§ What you should do
Set down exactly the lines in the records below that run from the line with "AMA Advocacy Insights" to the line with "durante brotes. Alto riesgo de", inclusive, and nothing more.
BEGIN Provided data
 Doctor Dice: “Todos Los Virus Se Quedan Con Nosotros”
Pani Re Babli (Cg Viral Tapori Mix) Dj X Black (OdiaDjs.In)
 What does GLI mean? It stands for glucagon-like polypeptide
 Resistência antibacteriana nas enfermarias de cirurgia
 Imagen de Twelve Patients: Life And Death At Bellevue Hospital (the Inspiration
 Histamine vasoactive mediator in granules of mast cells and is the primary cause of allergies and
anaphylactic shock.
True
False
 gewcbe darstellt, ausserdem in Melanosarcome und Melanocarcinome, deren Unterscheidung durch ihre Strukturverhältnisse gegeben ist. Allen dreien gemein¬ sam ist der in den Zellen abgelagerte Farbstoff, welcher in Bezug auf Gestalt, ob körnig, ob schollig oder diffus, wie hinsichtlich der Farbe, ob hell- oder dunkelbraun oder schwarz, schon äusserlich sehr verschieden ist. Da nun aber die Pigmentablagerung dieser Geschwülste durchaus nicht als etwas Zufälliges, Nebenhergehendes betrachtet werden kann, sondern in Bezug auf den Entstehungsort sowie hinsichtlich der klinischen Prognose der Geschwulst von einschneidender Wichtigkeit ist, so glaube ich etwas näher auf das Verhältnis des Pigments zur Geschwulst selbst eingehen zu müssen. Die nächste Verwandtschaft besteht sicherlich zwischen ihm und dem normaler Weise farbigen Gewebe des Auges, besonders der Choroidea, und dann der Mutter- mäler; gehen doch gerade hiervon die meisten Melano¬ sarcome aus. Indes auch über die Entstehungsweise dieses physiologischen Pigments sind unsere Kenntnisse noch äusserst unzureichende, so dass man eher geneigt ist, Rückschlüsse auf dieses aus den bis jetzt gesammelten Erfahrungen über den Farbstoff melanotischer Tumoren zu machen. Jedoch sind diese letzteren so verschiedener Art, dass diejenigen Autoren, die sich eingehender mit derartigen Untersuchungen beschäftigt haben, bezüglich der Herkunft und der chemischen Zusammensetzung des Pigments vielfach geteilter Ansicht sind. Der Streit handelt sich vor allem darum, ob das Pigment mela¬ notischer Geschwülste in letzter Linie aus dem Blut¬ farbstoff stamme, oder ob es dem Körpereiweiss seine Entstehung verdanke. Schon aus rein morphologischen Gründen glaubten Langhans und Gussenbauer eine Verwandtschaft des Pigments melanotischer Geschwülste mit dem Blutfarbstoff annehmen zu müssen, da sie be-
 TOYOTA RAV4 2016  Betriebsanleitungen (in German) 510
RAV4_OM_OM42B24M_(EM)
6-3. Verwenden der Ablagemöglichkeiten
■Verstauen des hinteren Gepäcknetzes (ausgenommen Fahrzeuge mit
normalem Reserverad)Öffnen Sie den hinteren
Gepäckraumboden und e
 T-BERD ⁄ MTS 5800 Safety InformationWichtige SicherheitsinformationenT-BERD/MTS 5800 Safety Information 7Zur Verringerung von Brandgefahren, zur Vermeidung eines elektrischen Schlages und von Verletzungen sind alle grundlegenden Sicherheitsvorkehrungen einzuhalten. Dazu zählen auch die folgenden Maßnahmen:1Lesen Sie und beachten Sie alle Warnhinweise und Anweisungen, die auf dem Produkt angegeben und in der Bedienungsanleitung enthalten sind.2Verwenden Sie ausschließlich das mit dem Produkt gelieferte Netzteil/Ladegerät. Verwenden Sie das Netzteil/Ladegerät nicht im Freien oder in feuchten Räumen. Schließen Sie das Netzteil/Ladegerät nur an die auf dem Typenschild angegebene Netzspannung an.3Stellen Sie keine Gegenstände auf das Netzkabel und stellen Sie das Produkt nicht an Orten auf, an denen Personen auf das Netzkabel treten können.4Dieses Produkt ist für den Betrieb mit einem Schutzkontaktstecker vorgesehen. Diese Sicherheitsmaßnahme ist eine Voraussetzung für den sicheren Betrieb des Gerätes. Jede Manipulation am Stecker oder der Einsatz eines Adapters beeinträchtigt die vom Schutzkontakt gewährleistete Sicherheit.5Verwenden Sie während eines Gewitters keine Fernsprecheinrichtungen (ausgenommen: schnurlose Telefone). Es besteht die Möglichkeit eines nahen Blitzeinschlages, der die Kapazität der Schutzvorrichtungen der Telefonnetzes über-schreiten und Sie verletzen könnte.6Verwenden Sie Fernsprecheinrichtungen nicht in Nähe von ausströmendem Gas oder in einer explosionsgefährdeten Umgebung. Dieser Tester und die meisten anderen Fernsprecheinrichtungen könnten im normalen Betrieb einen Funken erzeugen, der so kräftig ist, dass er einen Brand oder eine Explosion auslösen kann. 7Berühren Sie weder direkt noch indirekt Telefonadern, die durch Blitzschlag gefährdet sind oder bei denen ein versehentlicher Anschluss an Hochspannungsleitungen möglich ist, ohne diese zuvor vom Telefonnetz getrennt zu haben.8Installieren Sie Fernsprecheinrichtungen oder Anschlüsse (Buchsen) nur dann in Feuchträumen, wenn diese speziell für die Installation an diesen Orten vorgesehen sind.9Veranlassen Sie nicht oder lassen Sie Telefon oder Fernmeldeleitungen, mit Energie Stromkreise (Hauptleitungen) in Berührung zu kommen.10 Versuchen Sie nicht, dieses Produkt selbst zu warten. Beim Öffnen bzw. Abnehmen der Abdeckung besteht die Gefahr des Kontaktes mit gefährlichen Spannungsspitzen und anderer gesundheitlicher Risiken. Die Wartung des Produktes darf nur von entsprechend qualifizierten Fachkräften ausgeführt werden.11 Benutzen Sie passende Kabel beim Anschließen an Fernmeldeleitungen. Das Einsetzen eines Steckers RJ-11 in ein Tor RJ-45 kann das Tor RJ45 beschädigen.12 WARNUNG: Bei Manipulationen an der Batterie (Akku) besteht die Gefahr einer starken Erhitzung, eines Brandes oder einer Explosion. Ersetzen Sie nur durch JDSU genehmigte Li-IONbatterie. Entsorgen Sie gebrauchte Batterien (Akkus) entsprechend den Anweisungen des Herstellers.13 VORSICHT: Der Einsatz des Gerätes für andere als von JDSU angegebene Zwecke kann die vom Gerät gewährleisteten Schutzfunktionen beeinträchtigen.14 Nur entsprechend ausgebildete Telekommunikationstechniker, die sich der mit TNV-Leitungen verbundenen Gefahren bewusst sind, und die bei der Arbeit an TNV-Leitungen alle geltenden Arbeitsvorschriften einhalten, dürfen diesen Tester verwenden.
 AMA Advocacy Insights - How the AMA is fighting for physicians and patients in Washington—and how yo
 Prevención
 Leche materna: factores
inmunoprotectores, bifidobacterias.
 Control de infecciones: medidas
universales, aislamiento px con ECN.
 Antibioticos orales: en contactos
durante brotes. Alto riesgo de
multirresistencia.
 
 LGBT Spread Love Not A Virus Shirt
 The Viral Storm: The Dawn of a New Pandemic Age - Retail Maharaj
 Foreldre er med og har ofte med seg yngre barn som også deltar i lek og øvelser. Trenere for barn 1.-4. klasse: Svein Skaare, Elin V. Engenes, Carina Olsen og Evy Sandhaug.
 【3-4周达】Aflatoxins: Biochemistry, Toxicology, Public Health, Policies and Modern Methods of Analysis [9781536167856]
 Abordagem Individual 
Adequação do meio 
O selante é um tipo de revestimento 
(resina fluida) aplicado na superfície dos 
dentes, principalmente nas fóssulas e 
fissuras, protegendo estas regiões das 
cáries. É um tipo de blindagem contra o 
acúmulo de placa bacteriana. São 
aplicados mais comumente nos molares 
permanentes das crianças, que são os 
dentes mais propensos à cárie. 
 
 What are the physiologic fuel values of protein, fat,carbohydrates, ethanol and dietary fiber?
END Provided data
§ Task output
 AMA Advocacy Insights - How the AMA is fighting for physicians and patients in Washington—and how yo
 Prevención
 Leche materna: factores
inmunoprotectores, bifidobacterias.
 Control de infecciones: medidas
universales, aislamiento px con ECN.
 Antibioticos orales: en contactos
durante brotes. Alto riesgo de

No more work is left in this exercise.